▶ **PROBLEM REQUIREMENTS**
Write out the data again exactly, skipping every picture.

▶ **DATA PROVIDED**
--
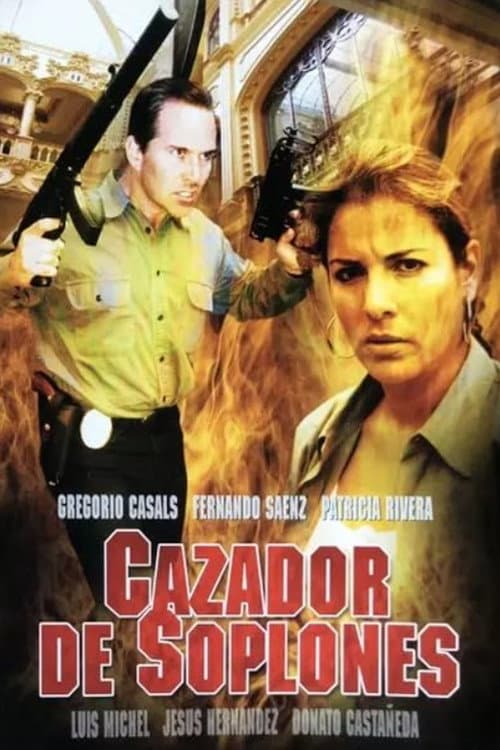 Постер: Cazador de soplones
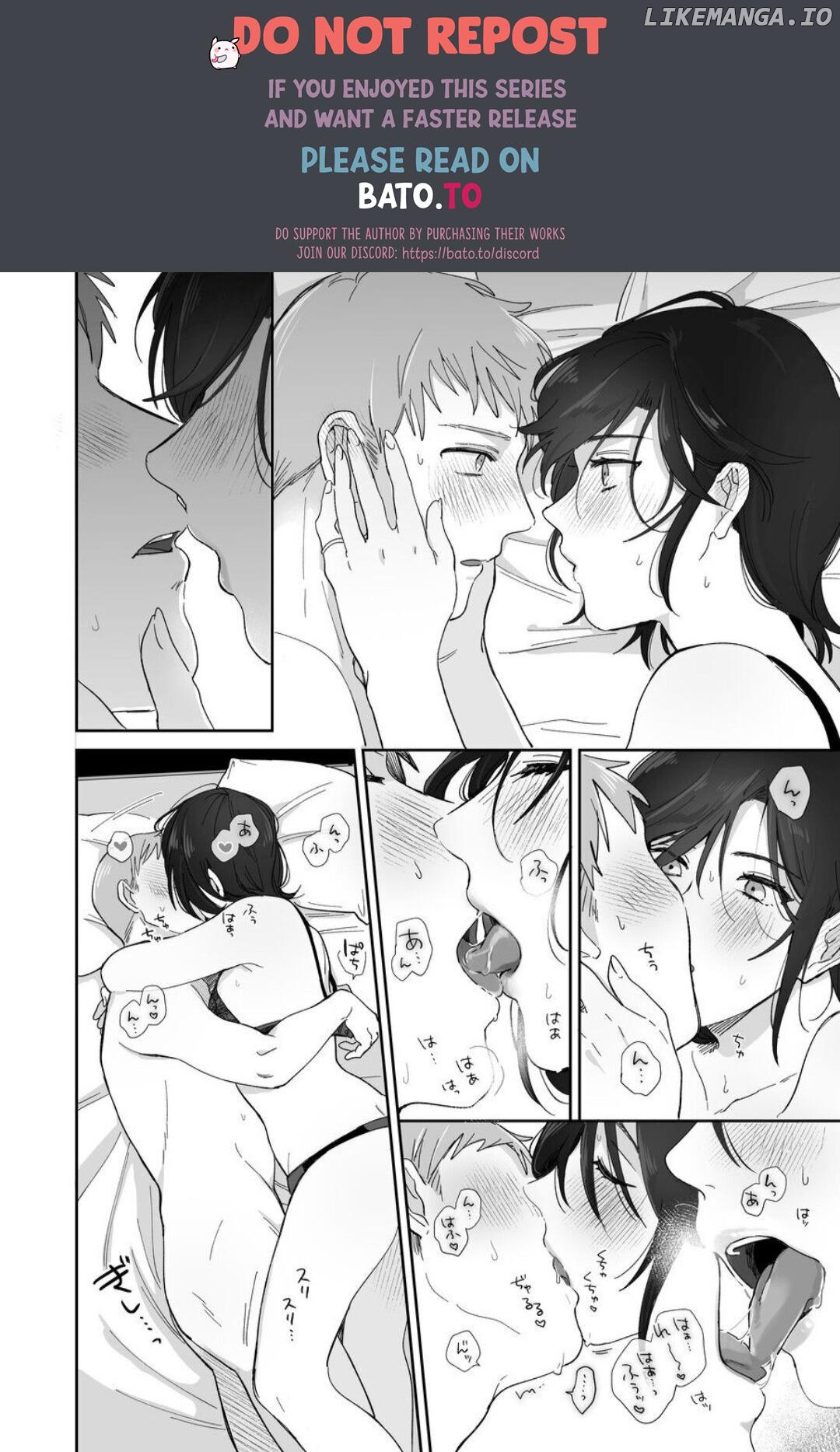 If I Have a Chance, I Want to Warp My Boyfriend's Fetishes! Chapter 1 - page 46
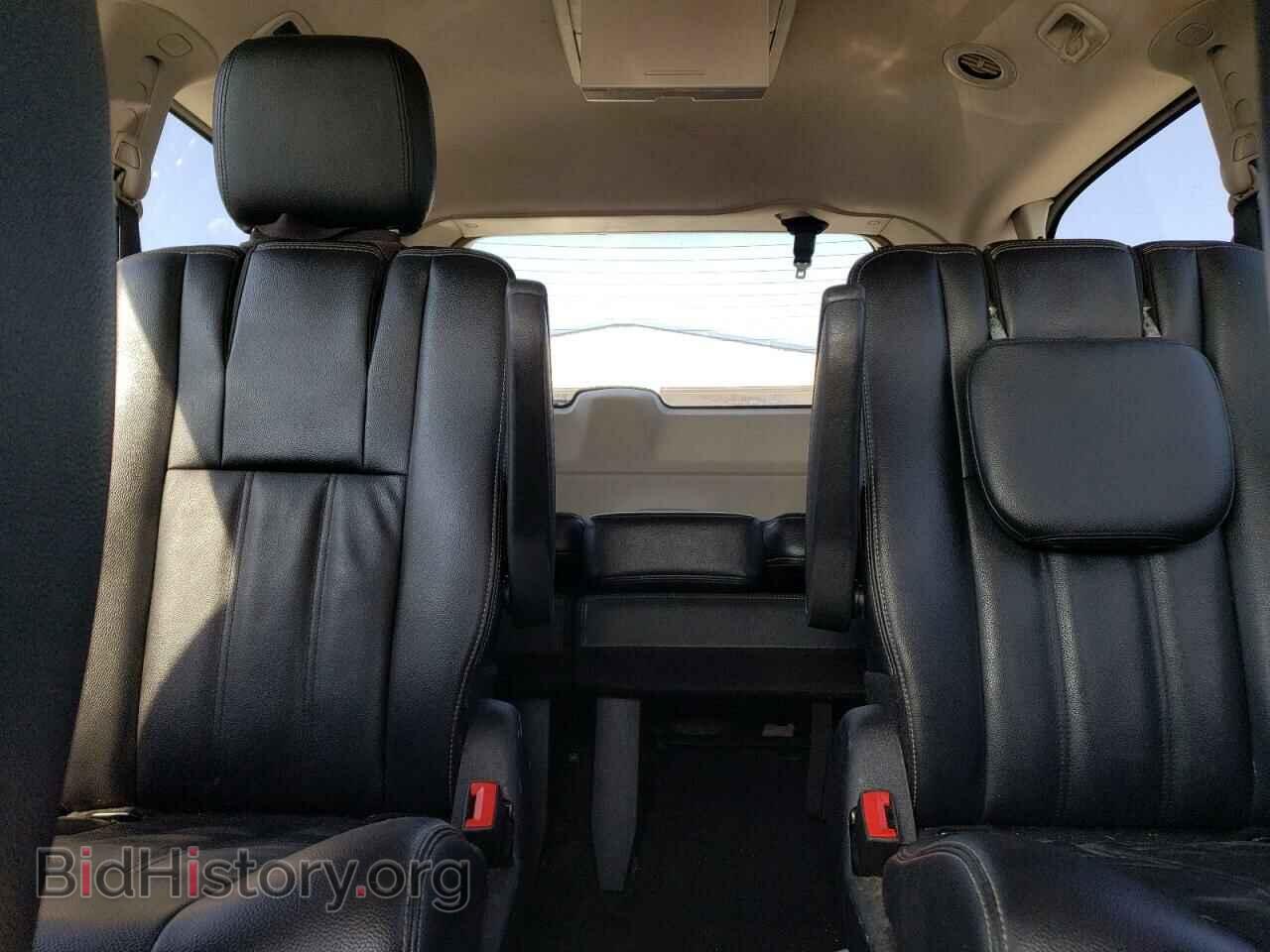 2016 CHRYSLER MINIVAN - VIN: 2C4RC1BG3GR142003 - Photo 10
--
▶ **OUTPUT BELOW**
 Постер: Cazador de soplones
 If I Have a Chance, I Want to Warp My Boyfriend's Fetishes! Chapter 1 - page 46
 2016 CHRYSLER MINIVAN - VIN: 2C4RC1BG3GR142003 - Photo 10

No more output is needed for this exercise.